Yan Shi Lan keluar dari rumah, membawa kamera dan langsung mengambil foto Yan Jing Tang. Suara shutter membuat Yan Jing Tang menoleh, melihat Yan Shi Lan memegang kamera ke arahnya.
Dengan mata indah yang membelalak, Yan Jing Tang berkata dengan kesal, “Kakak kedua, kamu keterlaluan, selalu memotret wajah jelekku.”
Tubuhnya basah kuyup karena diguncang Samoyed, pakaian menempel, rambut pun lepek, ditambah bulu anjing yang menempel di badan, tanpa melihat pun sudah bisa membayangkan betapa “menariknya” penampilannya saat itu.

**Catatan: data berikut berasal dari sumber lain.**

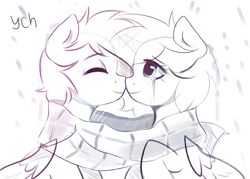 Size: 3500x2500 | Tagged: safe, artist:kristina, derpibooru import, oc, alicorn, earth pony, pegasus, pony, unicorn, clothes, commission, couple, duo, horn, scarf, shared clothing, shared scarf, ych sketch, your character here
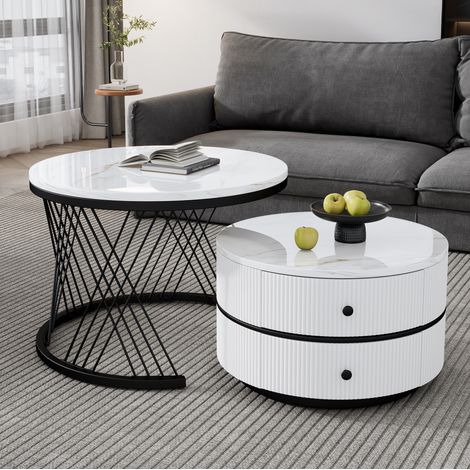 Set di 2 tavolini rotondi sovrapponibili 60x60x46 cm e 50x50x31 cm con 2 cassetti, bianco (1/5)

Yan Shi Lan malah mengambil beberapa foto lagi sebelum meletakkan kamera di atas meja batu, lalu berjalan mendekat.
Ia menerima alat pengering dari tangan Yan Jing Tang dan berkata, “Tuan Jin ketiga itu bukan orang baik, kamu harus menjauhinya.”
Yan Jing Tang tertawa, miringkan kepala menatap Yan Shi Lan, “Bukankah dulu kamu bilang dia pria paling berkuasa di Ningcheng, memintaku jangan lupa padamu setelah sukses, kenapa sekarang malah menjelek-jelekkan dia?”
Yan Shi Lan melirik Yan Jing Tang, “Keluarga Yan tidak butuh menumpang kekuasaan, masa tahu itu jurang dalam malah menyuruhmu lompat, kamu pikir apa sih?”
Yan Jing Tang mengangkat alis dan tersenyum, tak peduli dirinya basah, merangkul leher Yan Shi Lan, pura-pura terharu, “Dengan kata-kata itu, kamu memang kakak keduaku yang sejati. Kalau tidak, aku benar-benar curiga kamu akan menjual adik demi kehormatan.”